About this exercise ▸
Write out again, exactly as they appear, the lines from the start of the data below through the line with "Blick in eine Herren-Toilette mit Urinalen."; no pictures.

Given entries ▸
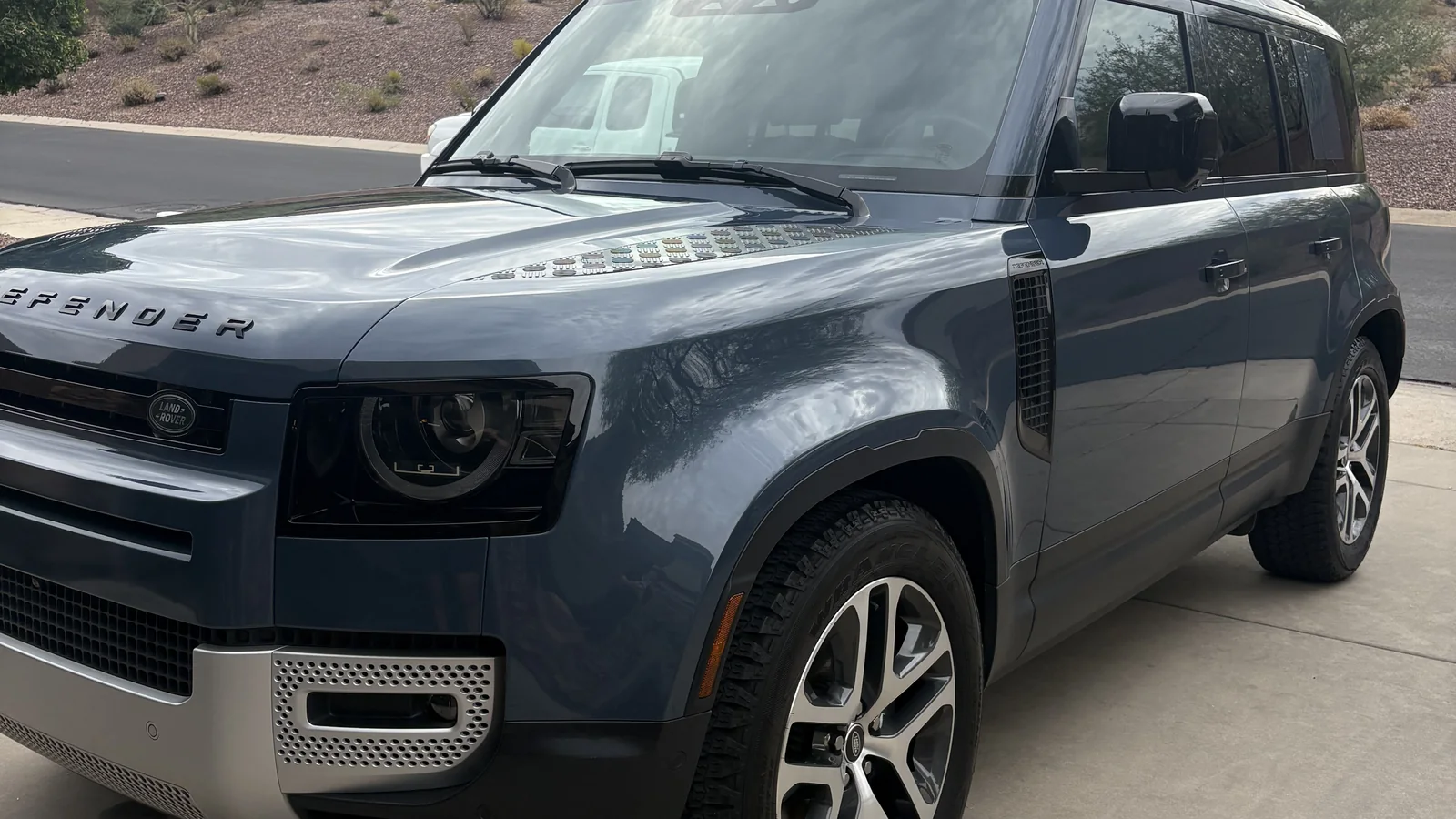 Blue Land Rover Defender with one stage polished and ceramic coated paint in a Phoenix driveway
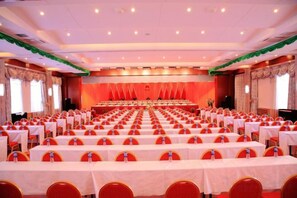 A banquet hall with rows of tables and chairs, a stage, and a presentation screen.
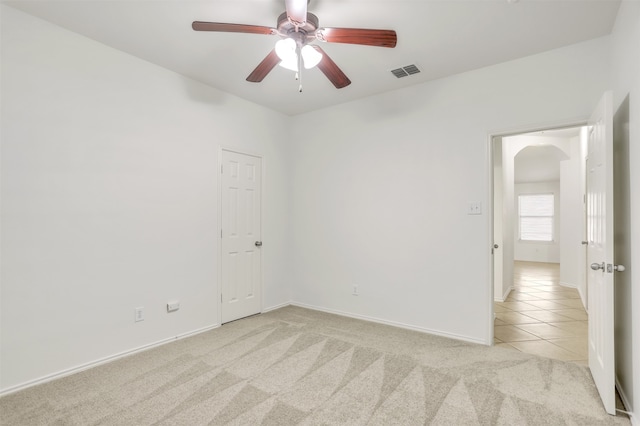 empty room featuring ceiling fan and light colored carpet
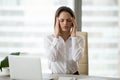 Stressed frustrated female employee feeling headache or migraine Royalty Free Stock Photo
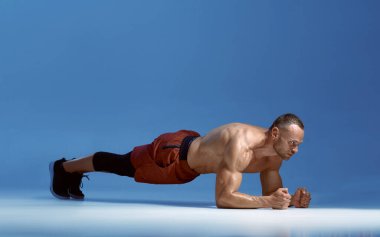 Erkek sporcu dirseklerinin üzerinde durarak karın kaslarını çalıştırır.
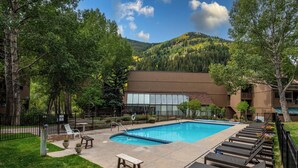 A swimming pool with lounge chairs, a picnic table, and a building with large windows in the background. - Mountain Retreat in East Vail, 2BR/2BA Condo w/ Pool & Hot Tub (Vail)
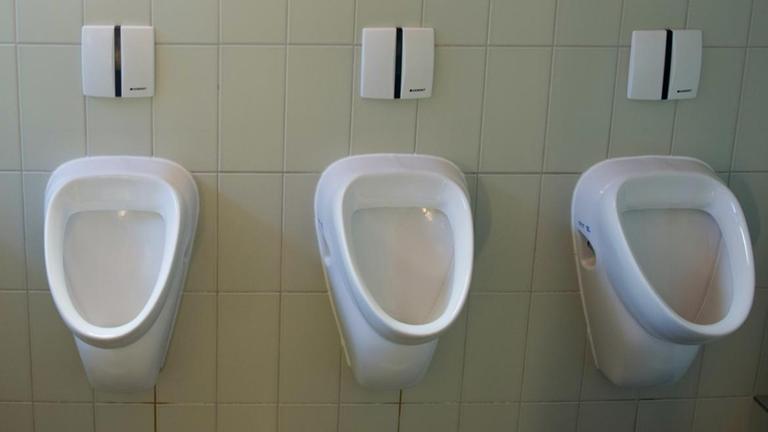 Blick in eine Herren-Toilette mit Urinalen.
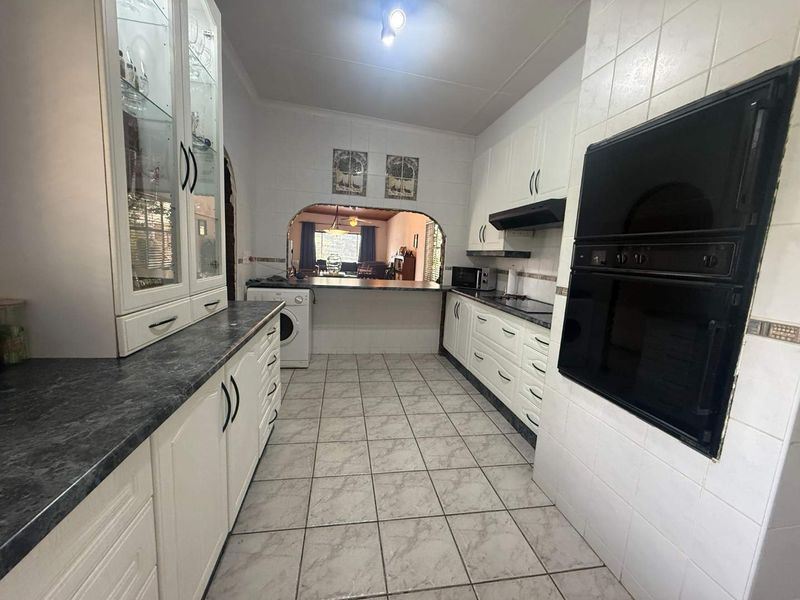 A functional kitchen featuring white cabinetry, dark laminate countertops, built-in double oven, and a convenient pass-through window connecting to the living area.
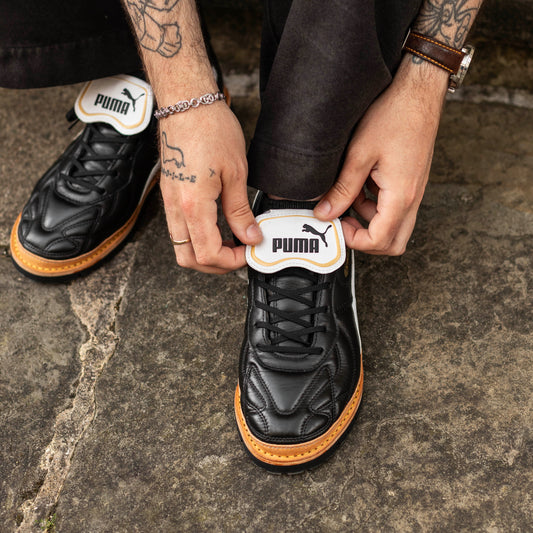 Person wearing black Puma shoes on a stone surface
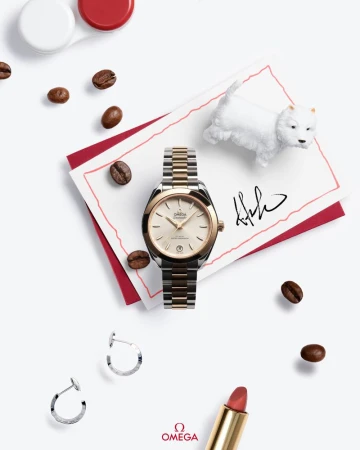 Close-up of a gold and silver Omega watch on a white surface, surrounded by coffee beans, earrings, lipstick, and a dog figurine.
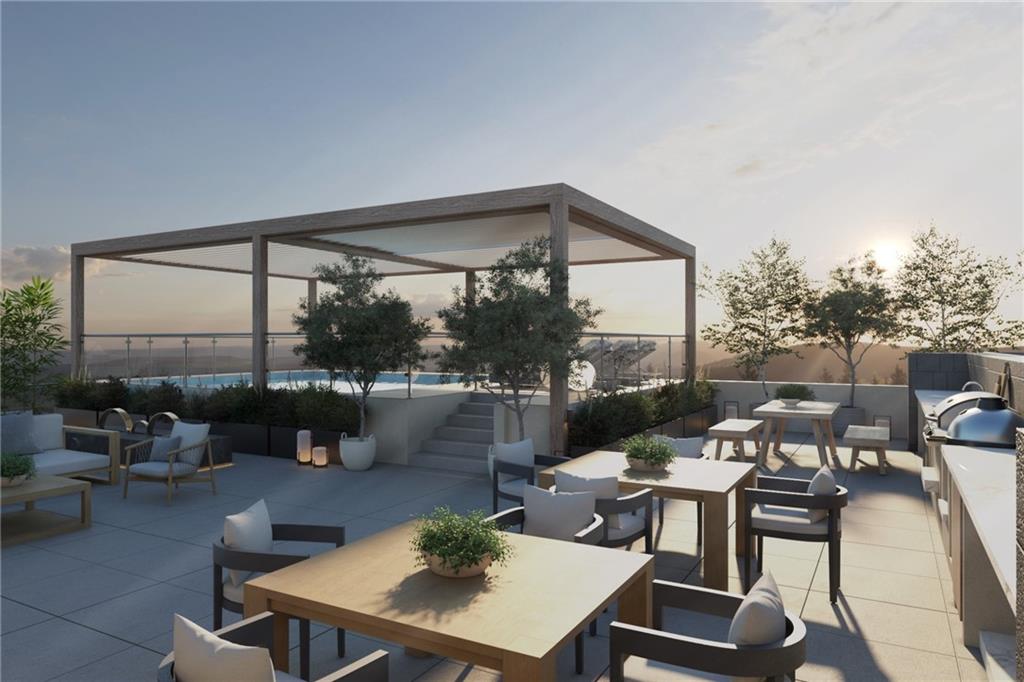 318 Sandy Springs Circle, Unit 250 Sandy Springs, GA 30328 - Photo 2 of 27 a living room with furniture and a large window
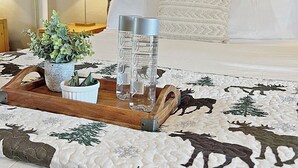 Una cama bien tendida con colcha blanca, cabecera de madera y mesita de noche con lámpara y bandeja con planta y dos botellas de agua.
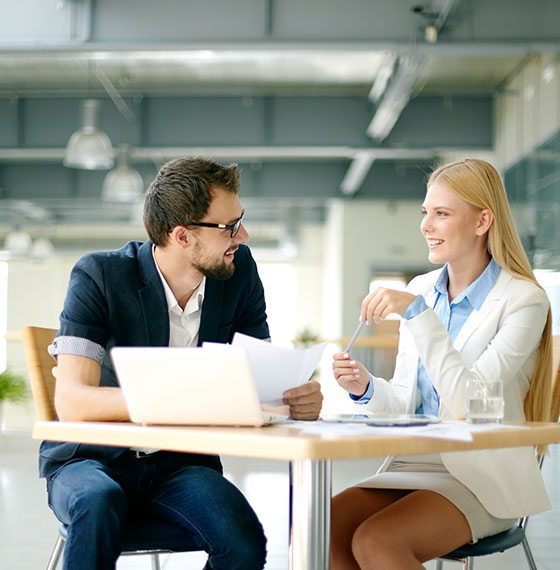 Hands shaking over a contract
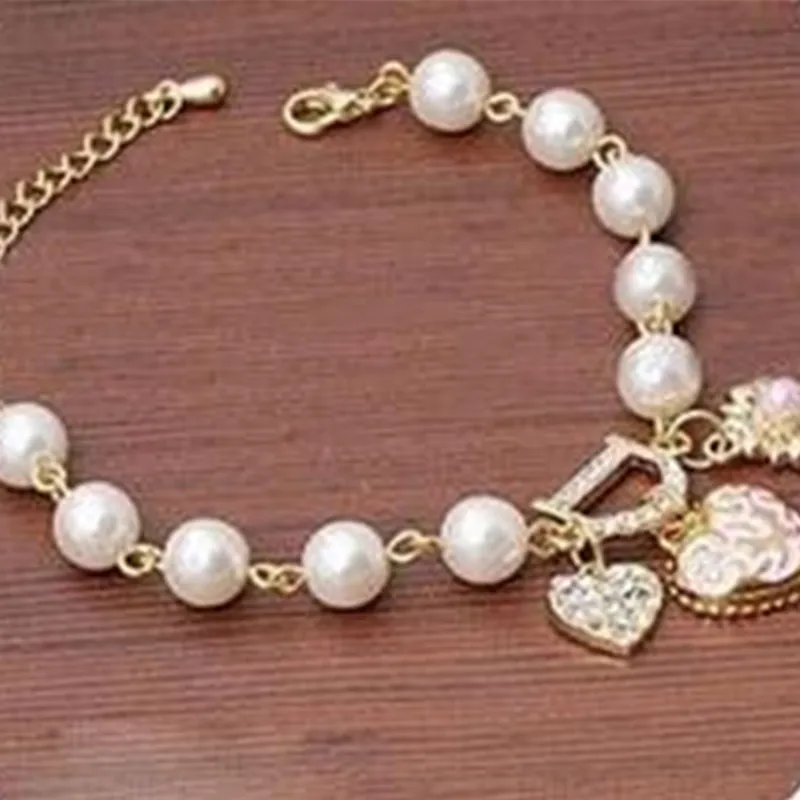 2025 سوار نسائي عصري على شكل زهرة نباتية لؤلؤية مقلدة #1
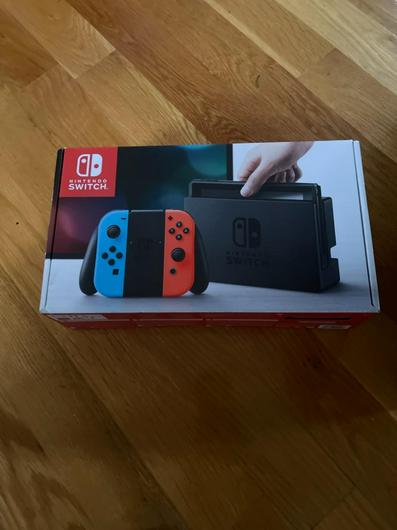 Nintendo Switch with Blue and Red Joy-con photo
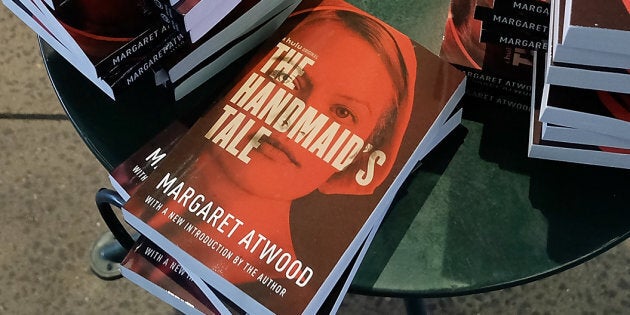 Organizers arrange copies of Margaret Atwood's book 'The Handmaid's Tale' during the Interactive 'The Handmaid's Tale' Art Installation Opening at The High Line on April 26, 2017 in New York City.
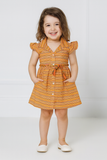 Young girl wearing an orange and yellow striped dress on a white background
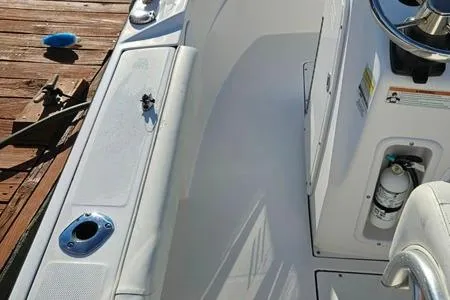 Slide: The Image of 2021 Edgewater 188CC boat interior with seating and control panel, docked on wooden pier. - 13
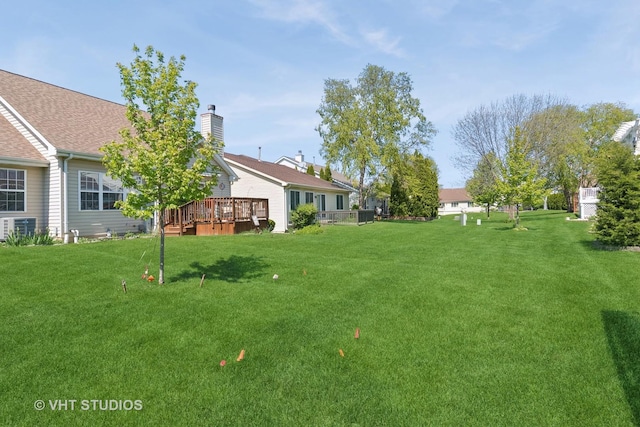 21359 W Sycamore Dr, Plainfield, IL 60544 - view of green lawn with a wooden deck and central AC unit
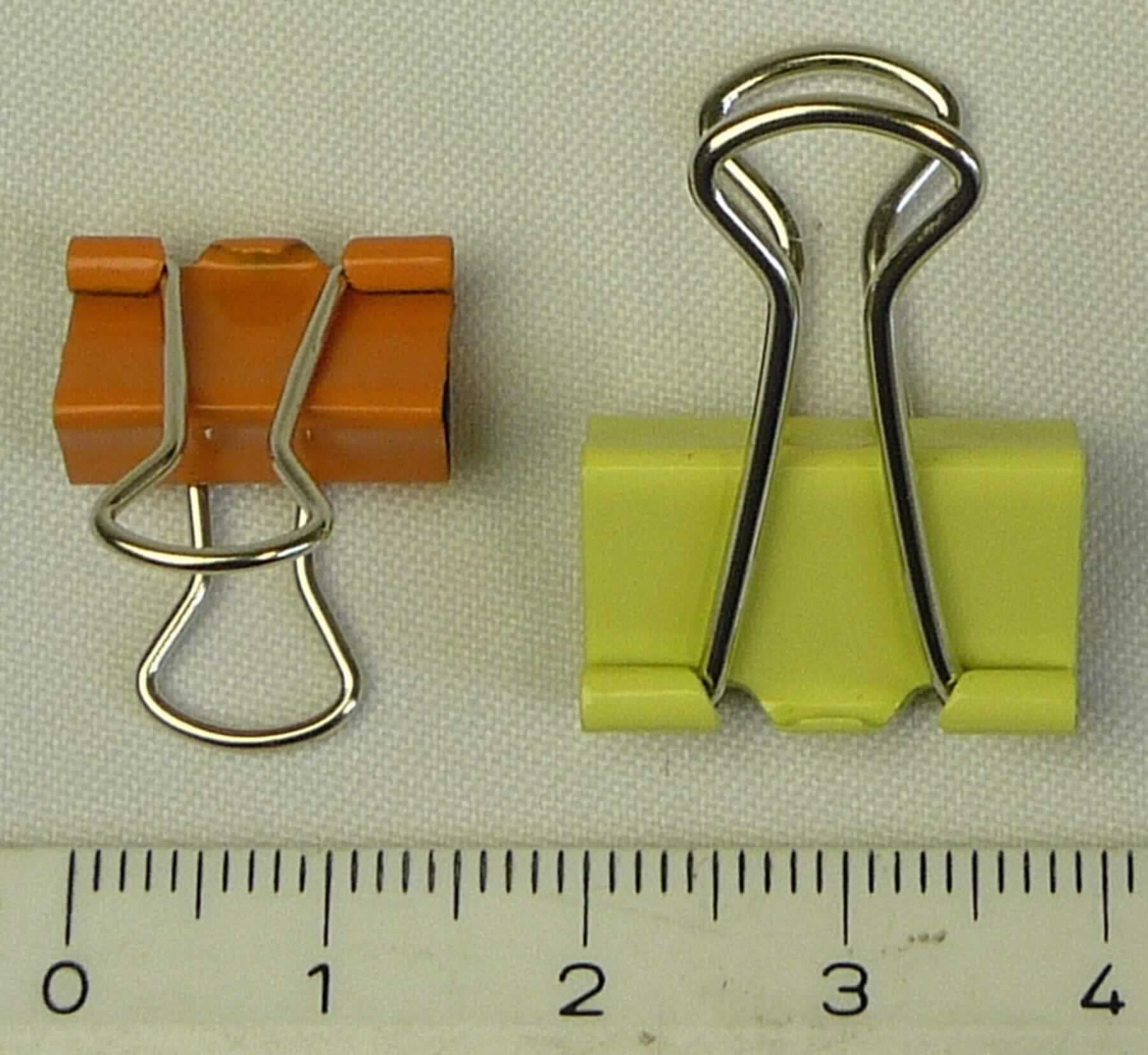 Es handelt sich um aus unedlem Metall gefertigte Klemmvorrichtungen aus einem etwa 15 mm bzw, 19 mm breiten Blechzuschnitt, der zu einem geraden Prisma gebogen ist. An der Spitze des Prismas sind zwei aus Draht gebogenen Bügel beweglich befestigt, mit denen die unter Spannung stehende Klammer geöffnet werden kann. Die Erzeugnisse dienen zum Zusammenhalten von z. B. Papierseiten.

Written response ▸
 Blue Land Rover Defender with one stage polished and ceramic coated paint in a Phoenix driveway
 A banquet hall with rows of tables and chairs, a stage, and a presentation screen.
 empty room featuring ceiling fan and light colored carpet
 Stressed frustrated female employee feeling headache or migraine Royalty Free Stock Photo
 Erkek sporcu dirseklerinin üzerinde durarak karın kaslarını çalıştırır.
 A swimming pool with lounge chairs, a picnic table, and a building with large windows in the background. - Mountain Retreat in East Vail, 2BR/2BA Condo w/ Pool & Hot Tub (Vail)
 Blick in eine Herren-Toilette mit Urinalen.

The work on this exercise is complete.